Dopo aver proposto all’amministrazione comunale un’azione congiunta che non è stata accolta, abbiamo lanciato una petizione online, su change.org” dicono i quattro consiglieri, Gerbi, Tessa, Pallard e Ferraris, che hanno anche inviato una lettera alla direzione generale di Unicredit e ai vertici dell’Uncem.

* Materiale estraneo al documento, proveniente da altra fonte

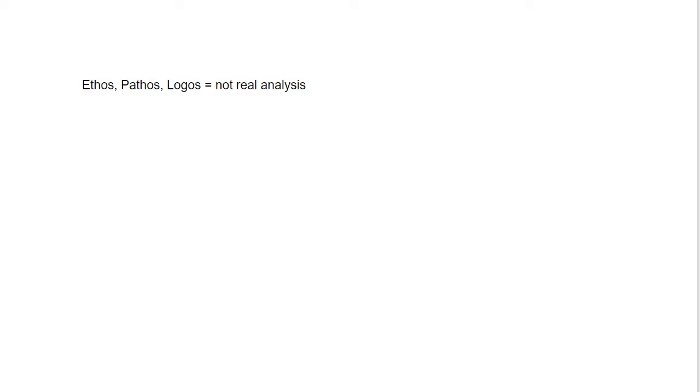Rhetoric means using words to persuade. And there are so many different techniques you can use. Some of them are very, very obvious. Some are so subtle and brilliant.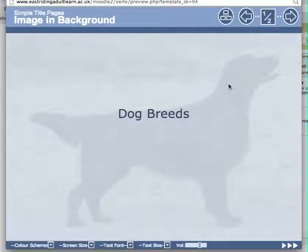In their simplest form, title pages have an image and a title which introduces you to the content of the learning pack. In this image the dog takes up the full screen and is behind the text. In order to see the text above the image, the dog image has been made transparent.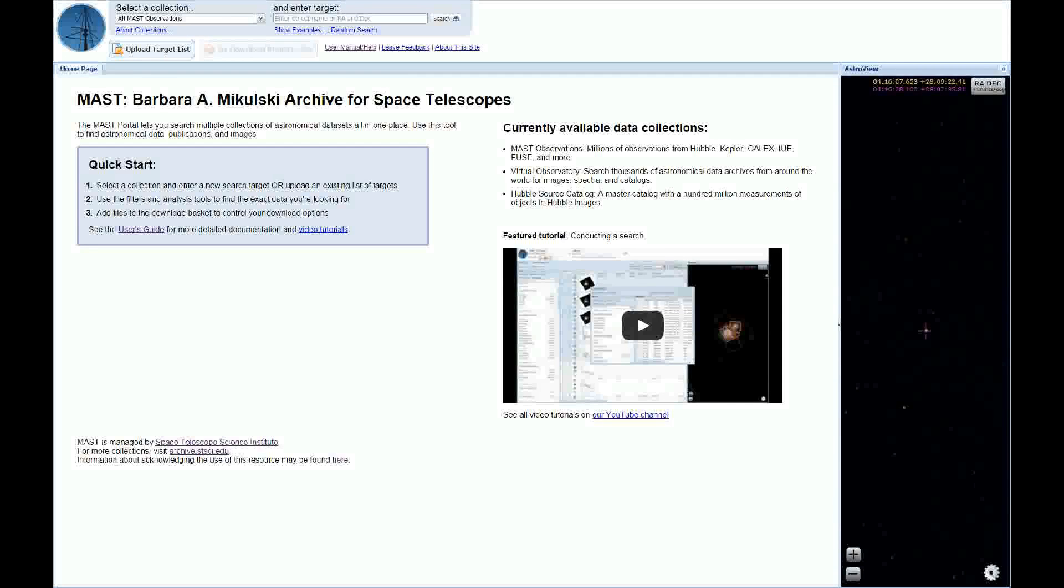In this video, we're going to demonstrate some of the features of the portal's spectral plotting tool using the T-Tauri star LKCA4 as an example. Let's say we were interested in taking a look at the silicon 4 doublet at 1394 and 1403 angstroms.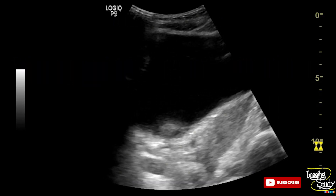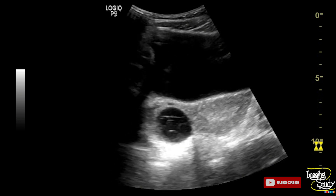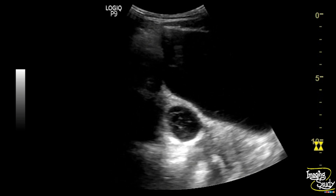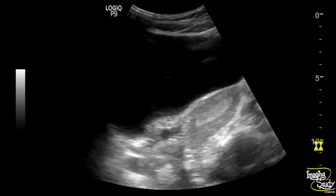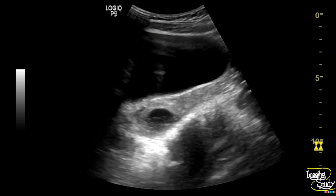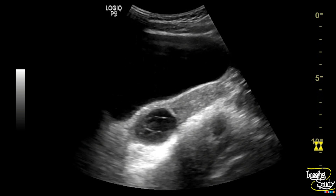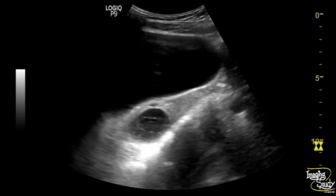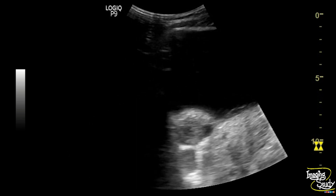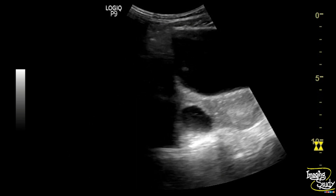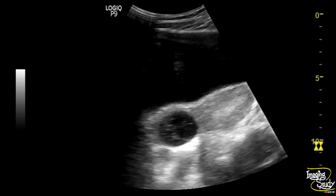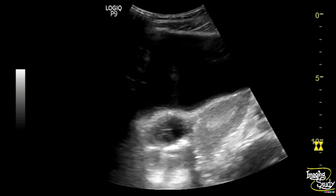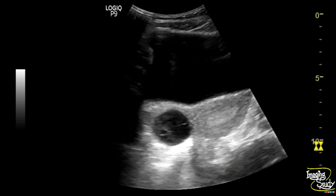On ultrasound, you can see a well-defined oval complex cystic structure with internal reticular pattern noted at the right adnexal region. The right ovary could not be separately visualized. This is a case of hemorrhagic cyst. The uterus looks normal from this section.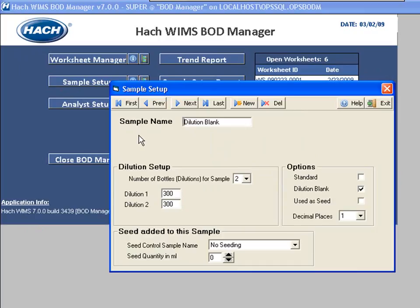Now if you've run the wizard already — the first time you run the program it asks some of these questions — it's already set this up. In this case I already have dilution blank, the number of bottles is two, and I'm running 300 milliliters of each. I check off the dilution blank option over here.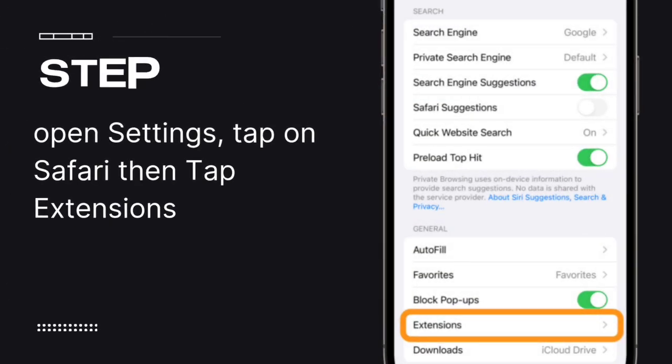Step 8: If you want to use extensions with your profile, open Settings, tap on Safari, then tap Extensions.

Il servizio di cassa è stato sostituito dal bancomat e con un’attività di sportello su prenotazione, che ci segnalano funzioni solo da ascolto e non per attività di soluzioni richieste. – continuano – Vista la situazione attuale che limita gli spostamenti, il fatto che molti coazzesi sono anziani e che spesso il bancomat, di vecchia concezione, riscontra problemi, chiediamo che venga riattivata l’attività di sportello e di cassa almeno in due giorni, il mercoledì pomeriggio per le attività commerciali e artigianali e il venerdì mattina durante il mercato. Chiediamo anche che venga installato un bancomat di nuova generazione, in grado di fornire tutti i servizi utili a cittadini, turisti e imprese locali”.

L’appello online, che conta già oltre 200 firme, può essere sottoscritto sul sito change.org.